Pero también se disparó la corrupción y se ahondaron las ya amplias diferencias sociales, razones ancladas ahora en el corazón de las protestas.

"La decisión del régimen de reprimir las primeras manifestaciones pacíficas, negar el descontento y acusar a grupos armados ha enquistado y alargado el conflicto", explica un académico sirio que por razones de seguridad prefiere no ser identificado.

"Y la persistencia de la violencia y la inestabilidad afectará cada vez más a la economía. A la de los menos favorecidos, pero también a la de los grandes comerciantes. Máxime cuando el régimen no ha sabido reaccionar a tiempo", agrega.

Acuciado por la crisis, el Gobierno trató el pasado septiembre de frenar la hemorragia con la venta de una importante cantidad de divisas, además de recuperar algunos de los subsidios abolidos durante la época de bonanza.

Su objetivo, al parecer no logrado, era mantener estable el precio de la lira siria, que en los últimos meses habría cedido una buena parte de su valor, y tratar de evitar que el deterioro de las condiciones de vida en las grandes ciudades le resten fidelidades.

Más éxito parece haber tenido, hasta la fecha, en su estrategia para cercar a la oposición y evitar el mayor temor, que las protestas enciendan la capital y otras grandes ciudades.

El aparente control de las urbes más importantes permite a la maquinaria del régimen difundir aún la idea de que se trata de un movimiento de protesta casi marginal, reducido a la acción de grupos armados apoyados por una conjura exterior.

Sin embargo, cada vez son más los signos de que la coyuntura comienza a cambiar.

Testigos en las zonas sublevadas del noreste del país -a las que se impide el acceso de periodistas- afirman que aumenta a diario la cifra de ciudadanos que se suman a la campaña de desobediencia civil promovida por grupos opositores.

Además, la aparente contradicción entre las tesis del régimen y la situación sobre el terreno parece haber acelerado el número de deserciones en el seno de las Fuerzas Armadas, aunque la cúpula aún parece sólida.

Considerado uno de los mayores ejércitos de la región, las fuerzas armadas han sido durante décadas el pilar del régimen baazista.

Sin embargo, en los últimos años ha cedido protagonismo a las unidades de elite y al tupido entramado tejido por los servicios secretos.

"Todo apunta a que la crisis se puede prolongar.

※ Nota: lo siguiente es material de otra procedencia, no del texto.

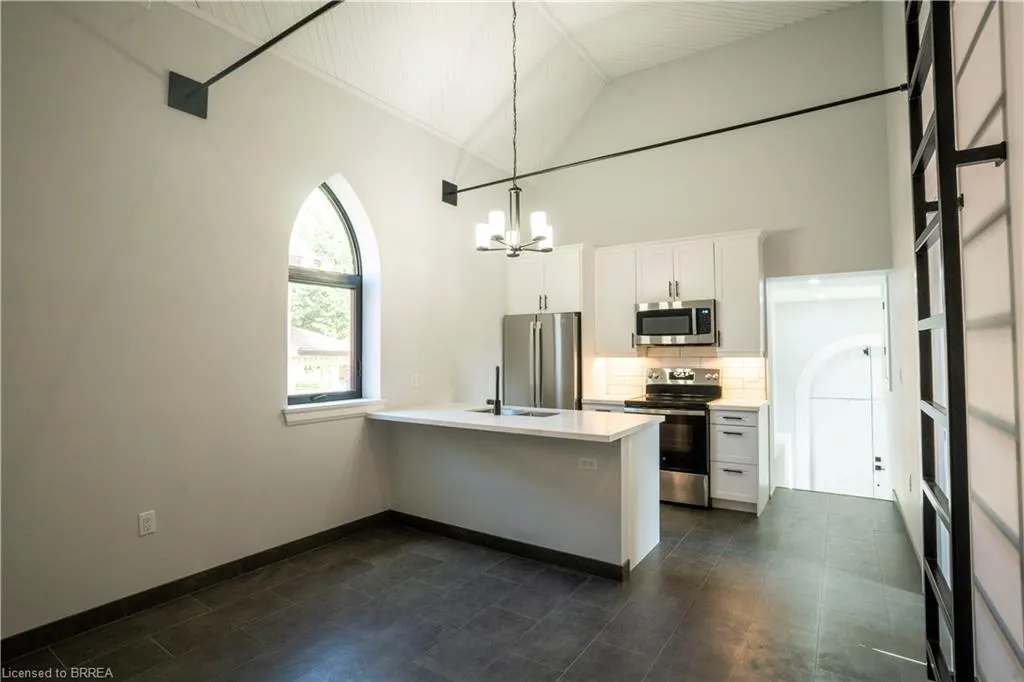 130 Elgin Street, #4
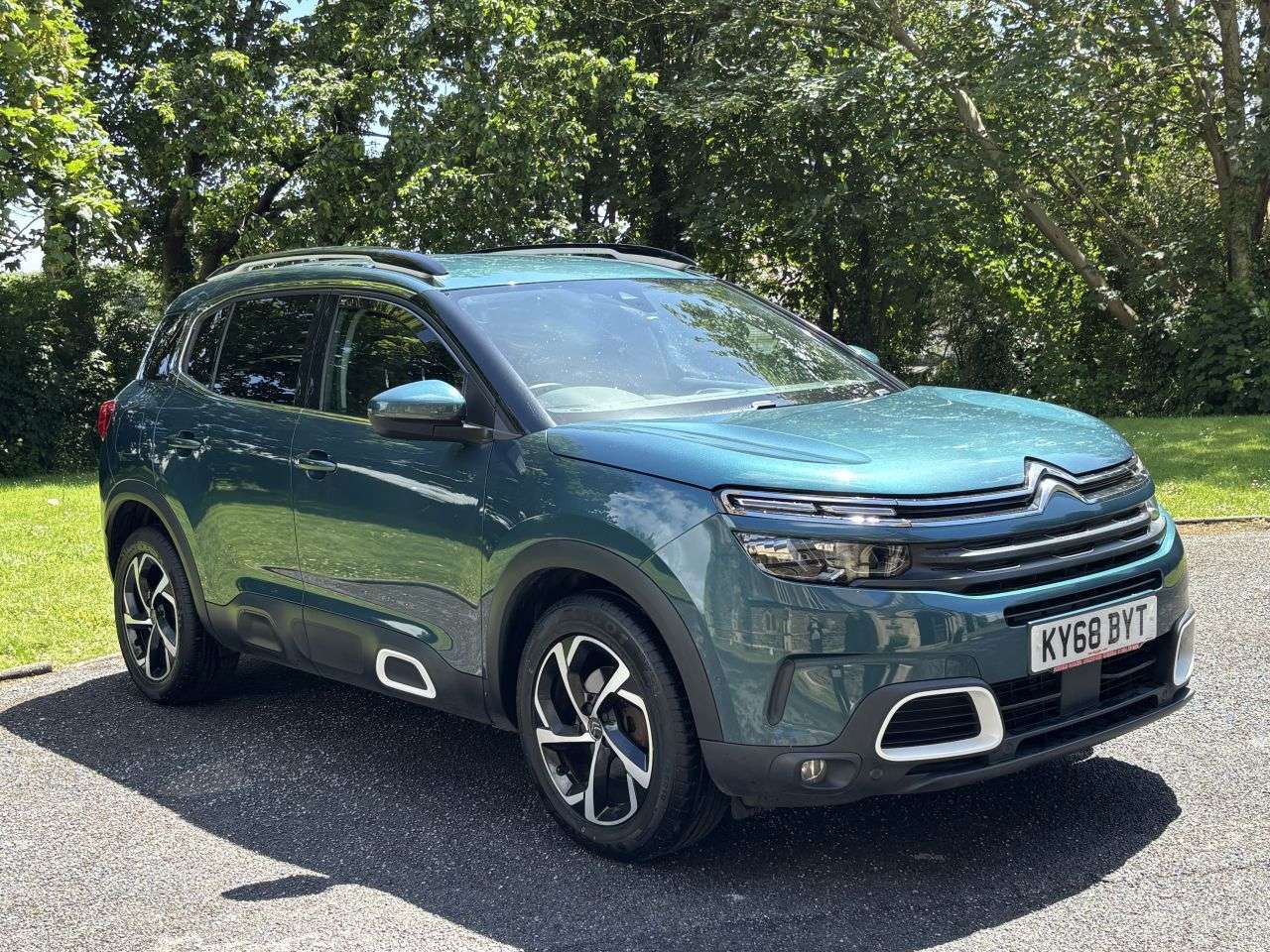 A 2018 CITROEN C5 AIRCROSS 1.5 BlueHDi Flair SUV 5dr Diesel EAT8 Euro 6 (s/s) (130 ps) A 2018 CITROEN C5 AIRCROSS 1.5 BlueHDi Flair SUV 5dr Diesel EAT8 Euro 6 (s/s) (130 ps)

La clave es el control de las grandes ciudades. El régimen aun conserva allí una masa fiel", insiste el académico.

Sonrientes en las bulliciosas calles del barrio cristiano de Bab Toma, en el casco histórico de Damasco, la mayor parte de la población vitorea al mandatario cuando se acerca alguno de los escasos periodistas autorizados.

Comerciantes y clientes niegan que los precios hayan subido, y los pocos que admiten el alza, así como los cortes de suministro eléctrico, consideran que es "algo normal" y pasajero.

"Sí, es cierto que en ha habido algún problema económico, pero las subidas y bajadas son normales. Somos optimistas y esperamos que se recupere pronto. Todos los sirios apoyamos la reforma del presidente" apostilla un vendedor de telas en Bab Toma.